Nichts weniger als "die Komödie der Menschheit" schwebt Wassertheurer vor, der als Drehbuchschreiber, wenn überhaupt, nur unter Einfluss von Alkohol etwas zu Papier bringt. Die Geschichte bringt Rosei mit Schlagseite zu einem antiquierten, aber doch exquisiten Schreibstil auf den Boden. Austriazismen sowie allerlei derbes Wortgut – harmonisch eingearbeitet – dürfen da nicht fehlen.
"Die Globalisten" wird als Roman ausgewiesen. Allerdings ist es einer mit großem Mut zur Lücke, dominiert von Dialogen. In sechs Abschnitte gegliedert, lässt der Plot vieles im Ungefähren: Denn wie dieses wahnwitzige TV-Projekt nun im Konkreten aussieht, hätte aussehen können – nie würde man auf den Gedanken kommen, das Unterfangen könnte klappen –, führt Rosei nicht aus.

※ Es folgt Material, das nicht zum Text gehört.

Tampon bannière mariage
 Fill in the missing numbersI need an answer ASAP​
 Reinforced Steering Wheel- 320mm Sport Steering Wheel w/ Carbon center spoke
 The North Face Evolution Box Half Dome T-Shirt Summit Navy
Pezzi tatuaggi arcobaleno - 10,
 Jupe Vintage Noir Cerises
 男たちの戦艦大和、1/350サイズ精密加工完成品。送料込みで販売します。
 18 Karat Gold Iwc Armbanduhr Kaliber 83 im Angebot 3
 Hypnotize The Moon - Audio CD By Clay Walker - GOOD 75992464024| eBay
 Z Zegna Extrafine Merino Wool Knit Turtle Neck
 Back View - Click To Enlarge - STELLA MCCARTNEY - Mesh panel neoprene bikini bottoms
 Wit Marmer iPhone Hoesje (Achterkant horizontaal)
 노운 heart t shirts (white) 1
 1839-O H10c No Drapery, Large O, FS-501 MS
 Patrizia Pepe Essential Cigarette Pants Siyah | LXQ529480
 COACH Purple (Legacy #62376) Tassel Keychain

Auch manch andere Hintergründe lässt er unbeleuchtet: Was genau hat eigentlich der mafiöse Russe, genannt Herr Tschernomyrdin – er bricht Backenknochen und Finger –, mit der Sache zu schaffen? Und warum macht dieser Weill letztlich als Politiker Karriere? Allerdings ist es kein Schaden, wenn sich die Geschehnisse nicht bis ins letzte Detail erschließen. Man kann sich das meiste schon vorstellen.
Die Keime für die Fäulnis der Gesellschaft findet man in diesem galligen "Satyrspiel" (so der Verlag) ohnehin nicht etwa in einer Entflechtung von Politik, Wirtschaft und Kriminalität; sondern in der Geltungs- und Großmannssucht, der fehlenden Moral der Figuren; in der öligen Selbstverständlichkeit, mit der die Emporkömmlinge ihren Charakter bloßstellen ("Ich habe beste Beziehungen rund um die Kugel. Nach Russland und Asien speziell, aber auch nach Afrika. In meinen Augen sind Neger auch Menschen"); und in den mit großer Geste angetragenen philosophischen Plattitüden ("Drei Dinge treiben den Menschen in den Wahnsinn: die Liebe, die Eifersucht und die Börsenkurse, pflege ich zu sagen"), die die Geschäftsleute einander beibringen, bevor ein schwindliger Handel besiegelt wird.
Nur scheinen Typen wie Wallauschek oder Weill weniger Opfer eines nicht zu durchblickenden, abstrakten Gesellschaftssystems zu sein – sie sind das System. Es offenbart sich in ihrer Geschwätzigkeit, die Rosei kunstvoll inszeniert. In diesem System sind Frauen bloß als präfeministisches Klischee zugegen – lasziv und anmutig, die Verführungskunst ist ihre Macht.
Nach seinen letzten Romanen "Geld!" und "Madame Stern" führt Rosei mit "Die Globalisten" sein erzählerisches Großprojekt fort, ein österreichisches Sittenbild der letzten Jahrzehnte zu entwerfen und damit vor allem Aufsteiger ins rechte Licht zu rücken.
In einem Interview mit dem Falter bezeichnete der Autor seine letzten Bücher als eine Sammlung von Untersuchungen und suchte damit den Vergleich zu Honoré de Balzac ("La Comédie humaine"). Da diese Untersuchungen augenscheinlich recht Garstiges zutage fördern, ist es letztlich beinahe eine Perfidie, dass Roseis Schreibe runtergeht wie ein Gläschen Portwein.